Curitibanos não é apenas uma cidade, é um barril de pólvora. Cada acordo malfeito, cada traição sussurrada, cada promessa vazia empilha lenha num incêndio que já tem data para começar.
No oeste de Santa Catarina, em 1895, Curitibanos é uma cidade sustentada pelo medo, pela fé torta e por acordos feitos à sombra da violência. Ali, o poder tem nome e sobrenome: Coronel Galo, dono de terras, homens e da palavra final. Mas toda autoridade carrega rachaduras - e nesta cidade, elas começam a se espalhar.
Enquanto foras da lei, prostitutas, padres decadentes e políticos oportunistas disputam influência, velhas feridas retornam com a reaparição de Velho Purga, antigo coronel dado como morto. Seu passado se cruza com o de Galo em sangue, traição e um crime que jamais foi esquecido. Ao mesmo tempo, um monge errante, Nelson, percorre a região anunciando profecias que ninguém quer ouvir, enquanto Peixe Pescado, líder indígena, observa a cidade que cresceu à custa da destruição de seu povo.

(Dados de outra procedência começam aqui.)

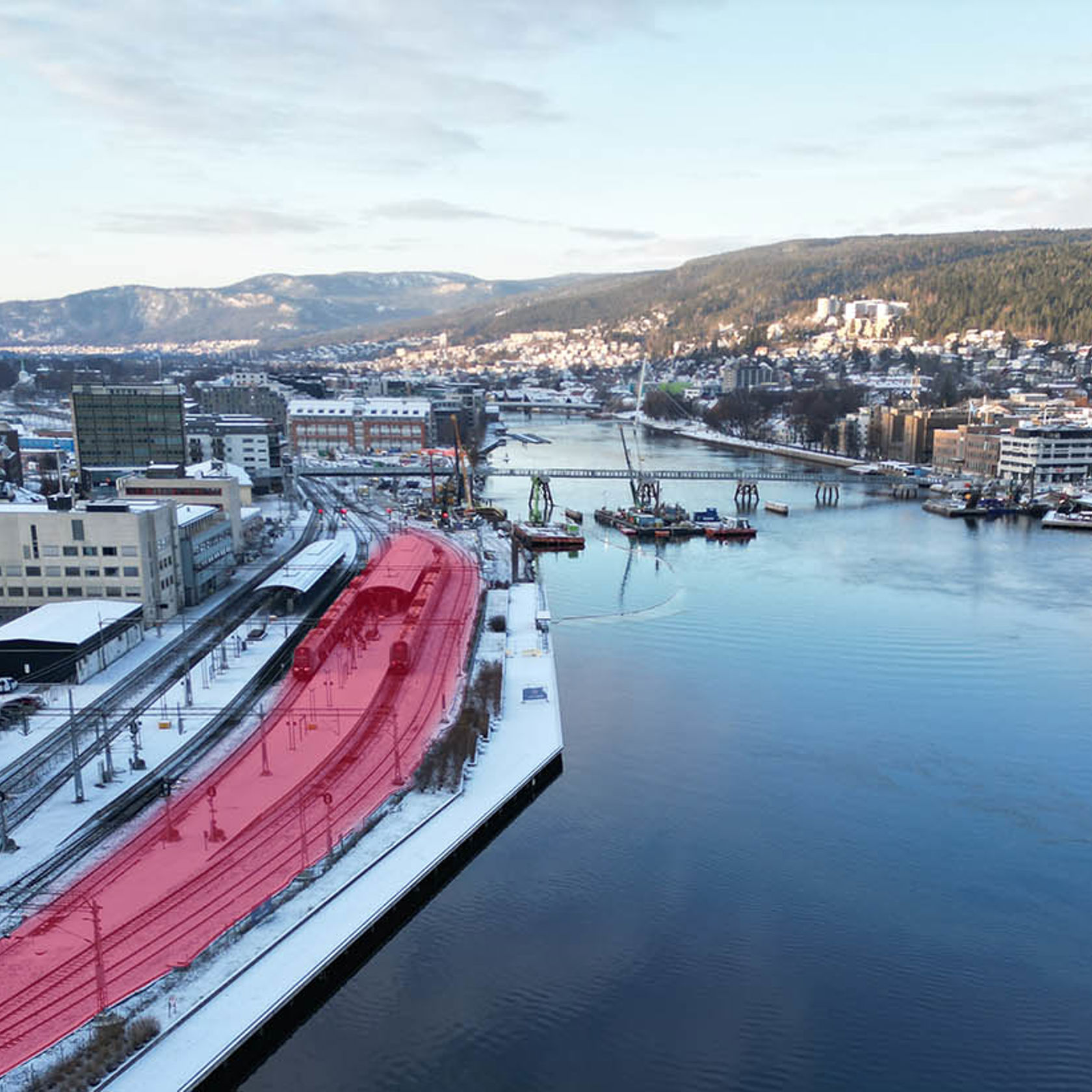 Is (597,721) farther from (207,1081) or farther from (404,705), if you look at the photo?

Entre saloons, igrejas e estradas de terra, alianças se desfazem, filhos traem pais, homens vendem a própria consciência e a cidade caminha lentamente rumo ao incêndio. Todos acreditam controlar o destino - até perceberem que Curitibanos é maior que qualquer um deles.
Esta é uma história sobre poder, decadência e sobrevivência, inspirada nos conflitos do Contestado, onde fé e violência se confundem, e onde, no fim, ninguém sai ileso - nem mesmo os vencedores.